National Hungary card game

Ulti, or Ultimó, is Hungary's national trick-taking card game for three players. It is virtually unknown outside its home borders.

==History==
Its name derives from the winning of the last trick with the lowest trump, a feature derived from several games like Trappola and Tapp Tarock played in Central Europe and in the former Austro-Hungarian empire, though the game as a whole is probably a further development of Mariaš, first mentioned in Hungary in 1787 and first described in 1883 as suggested by its alternative title Talonmariaš, described as "ultimáriás" by G. J. Potter in 1930. All games ultimately derive from the old French game of Mariage.

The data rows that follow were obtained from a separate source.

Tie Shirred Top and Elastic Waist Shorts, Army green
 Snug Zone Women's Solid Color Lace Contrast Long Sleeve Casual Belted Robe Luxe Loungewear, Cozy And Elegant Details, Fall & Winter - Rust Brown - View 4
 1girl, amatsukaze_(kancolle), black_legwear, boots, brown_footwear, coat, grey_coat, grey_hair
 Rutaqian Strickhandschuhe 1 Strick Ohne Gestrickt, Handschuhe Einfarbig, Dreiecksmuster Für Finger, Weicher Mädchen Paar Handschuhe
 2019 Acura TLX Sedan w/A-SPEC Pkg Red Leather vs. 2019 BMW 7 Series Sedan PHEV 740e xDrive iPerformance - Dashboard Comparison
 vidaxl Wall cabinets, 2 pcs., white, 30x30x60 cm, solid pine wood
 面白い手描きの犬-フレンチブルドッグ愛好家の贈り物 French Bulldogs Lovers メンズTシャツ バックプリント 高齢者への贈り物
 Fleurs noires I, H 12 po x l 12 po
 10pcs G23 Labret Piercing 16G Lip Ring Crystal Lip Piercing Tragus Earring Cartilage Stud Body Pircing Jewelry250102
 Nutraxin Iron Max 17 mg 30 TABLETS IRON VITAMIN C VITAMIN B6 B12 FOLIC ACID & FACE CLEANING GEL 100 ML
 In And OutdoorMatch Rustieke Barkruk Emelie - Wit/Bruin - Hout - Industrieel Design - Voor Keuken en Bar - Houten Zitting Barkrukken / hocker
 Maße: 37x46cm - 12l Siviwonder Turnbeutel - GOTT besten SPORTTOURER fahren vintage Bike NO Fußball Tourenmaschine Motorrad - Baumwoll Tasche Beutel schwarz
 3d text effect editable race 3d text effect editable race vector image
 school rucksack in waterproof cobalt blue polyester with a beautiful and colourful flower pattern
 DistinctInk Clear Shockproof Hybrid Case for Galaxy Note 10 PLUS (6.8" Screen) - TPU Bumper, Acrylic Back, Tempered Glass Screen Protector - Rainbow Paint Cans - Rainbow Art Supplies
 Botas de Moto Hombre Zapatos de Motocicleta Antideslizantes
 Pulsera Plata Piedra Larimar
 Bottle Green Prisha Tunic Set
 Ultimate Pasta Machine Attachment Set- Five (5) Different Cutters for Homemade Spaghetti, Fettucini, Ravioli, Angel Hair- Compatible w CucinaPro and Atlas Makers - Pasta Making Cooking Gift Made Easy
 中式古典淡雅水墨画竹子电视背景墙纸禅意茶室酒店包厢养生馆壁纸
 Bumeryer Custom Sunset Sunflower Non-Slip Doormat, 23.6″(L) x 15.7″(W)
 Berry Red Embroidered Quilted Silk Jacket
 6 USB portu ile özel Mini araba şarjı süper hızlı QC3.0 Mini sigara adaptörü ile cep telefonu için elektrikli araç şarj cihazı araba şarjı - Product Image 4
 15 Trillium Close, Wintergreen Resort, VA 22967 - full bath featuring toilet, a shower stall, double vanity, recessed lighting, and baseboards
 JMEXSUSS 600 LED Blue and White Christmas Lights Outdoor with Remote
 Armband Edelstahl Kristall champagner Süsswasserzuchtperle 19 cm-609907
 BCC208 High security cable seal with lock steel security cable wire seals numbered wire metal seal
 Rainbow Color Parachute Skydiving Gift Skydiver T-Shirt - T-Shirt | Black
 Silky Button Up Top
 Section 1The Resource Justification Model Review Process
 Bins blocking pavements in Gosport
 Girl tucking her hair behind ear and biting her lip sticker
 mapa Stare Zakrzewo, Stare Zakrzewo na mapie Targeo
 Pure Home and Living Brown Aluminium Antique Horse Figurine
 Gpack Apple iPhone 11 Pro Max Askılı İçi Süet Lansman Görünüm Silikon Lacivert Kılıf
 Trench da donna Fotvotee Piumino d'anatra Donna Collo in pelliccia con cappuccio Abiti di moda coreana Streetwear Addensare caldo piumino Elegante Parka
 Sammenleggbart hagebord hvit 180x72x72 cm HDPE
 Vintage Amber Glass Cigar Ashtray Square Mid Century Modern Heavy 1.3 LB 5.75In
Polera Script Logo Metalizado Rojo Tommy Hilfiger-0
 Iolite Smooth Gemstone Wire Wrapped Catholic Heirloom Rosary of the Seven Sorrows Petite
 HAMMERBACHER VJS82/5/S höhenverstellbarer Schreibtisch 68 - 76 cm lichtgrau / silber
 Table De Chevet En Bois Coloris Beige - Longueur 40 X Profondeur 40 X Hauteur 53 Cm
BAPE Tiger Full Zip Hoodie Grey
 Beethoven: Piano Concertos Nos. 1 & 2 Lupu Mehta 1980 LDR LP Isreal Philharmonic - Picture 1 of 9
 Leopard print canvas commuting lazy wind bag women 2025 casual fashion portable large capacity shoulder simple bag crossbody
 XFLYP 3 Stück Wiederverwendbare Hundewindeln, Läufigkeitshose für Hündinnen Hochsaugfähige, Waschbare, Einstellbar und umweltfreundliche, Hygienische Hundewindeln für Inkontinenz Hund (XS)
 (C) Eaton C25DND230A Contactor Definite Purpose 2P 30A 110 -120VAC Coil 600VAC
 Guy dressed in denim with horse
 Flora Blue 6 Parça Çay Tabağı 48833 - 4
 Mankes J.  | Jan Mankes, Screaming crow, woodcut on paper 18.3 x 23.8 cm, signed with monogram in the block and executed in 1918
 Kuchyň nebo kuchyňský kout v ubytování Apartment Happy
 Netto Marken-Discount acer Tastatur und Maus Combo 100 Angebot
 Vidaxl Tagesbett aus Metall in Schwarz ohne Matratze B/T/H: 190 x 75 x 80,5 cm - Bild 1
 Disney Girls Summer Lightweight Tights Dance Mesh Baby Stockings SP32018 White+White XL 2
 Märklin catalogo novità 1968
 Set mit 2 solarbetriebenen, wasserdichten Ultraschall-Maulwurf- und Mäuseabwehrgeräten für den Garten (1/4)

==Different sets of rules==
The rules of the game are not universal, and typically each group of players will have their own set of rules that they agree upon. When people play together for the first time, it often takes considerable amount of time until they can agree on a rule set that is played. Some rules can significantly alter the strategy (see references for a different set of rules from what is described below).

==Preliminaries==
Three players use a 32-card pack, with cards normally ranking in descending order Ace X King Over Under IX VIII VII. The first dealer is chosen by any agreed means and thereafter the turn to deal and play passes to the right. The dealer deals a batch of five cards to each player, seven to the first player on their right, and then another batch of five cards to each of the other two players.

==Object and contracts==
Each game starts with an auction. The highest bidder becomes the soloist and plays alone against the other two with an objective to fulfill whatever contract they bid for. In trump games, Aces and Tens captured in tricks worth 10 points each, and winning the last trick is worth a further 10, making a possible total of 90. In addition, declaring a marriage (King and Over of the same suit) scores 20, or 40 in trumps, bringing the maximum possible total to 190. Ties are not possible because of the extra 10 points for the last trick. In no-trump contracts, card points and marriages do not count, and cards rank from top to bottom A K O U X IX VIII VII.

===Bids===

| Type of bid | Winning conditions | Losing conditions | Value if won | Value if lost | Trump game | Rank of tens | Extra Simple bid |
|---|---|---|---|---|---|---|---|
| Simple | The calling player ends the game with a score higher than the defending team. | The calling player ends the game with a score lower than the defending team. | 1 | 1 | Yes | High | - |
| 40-100 | The calling player has a marriage in trumps and scores at least 60 additional points from tricks. No players may declare more marriages in this game. | The calling player fails to score at least 60 points from tricks. | 4 | 4 | Yes | High | No |
| Four Aces | The calling player wins all tricks where aces are played. | The calling player loses at least one ace to the defending team. | 4 | 4 | Yes | High | Yes |
| Ulti | The calling player wins the last trick with the Seven of trumps. | The calling player fails to play the Seven of trumps on the last trick or loses the last trick to a higher trump. | 4 | 4+4 | Yes | High | Yes |
| Betli | The calling player loses all tricks. | The calling player wins at least 1 trick. | 5 | 5 | No | Low | No |
| Plain Durchmars | The calling player wins all tricks. | The calling player loses at least 1 trick. | 6 | 6 | No | Low | No |
| Trump Durchmars | The calling player wins all tricks. | The calling player loses at least 1 trick. | 6 | 6 | Yes | High | No |
| 20-100 | The calling player has a marriage in a non-trump suit and scores at least 80 additional points from tricks. No players may declare more marriages in this game. | The calling player fails to score at least 80 points from tricks. | 8 | 8 | Yes | High | No |

All bids have a form of two distinct bids; for trump games a single value bid where the trump is either Acorns, Bells or Leaves (but is not announced during the auction) and a double value bid where the trump is Hearts. In the latter case, the suffix "of Hearts" is appended to the bid. The suit of Hearts itself bears no other distinction in the game; however, by otherwise naming the trump during the auction the player gives away information and is thus slightly disadvantaged.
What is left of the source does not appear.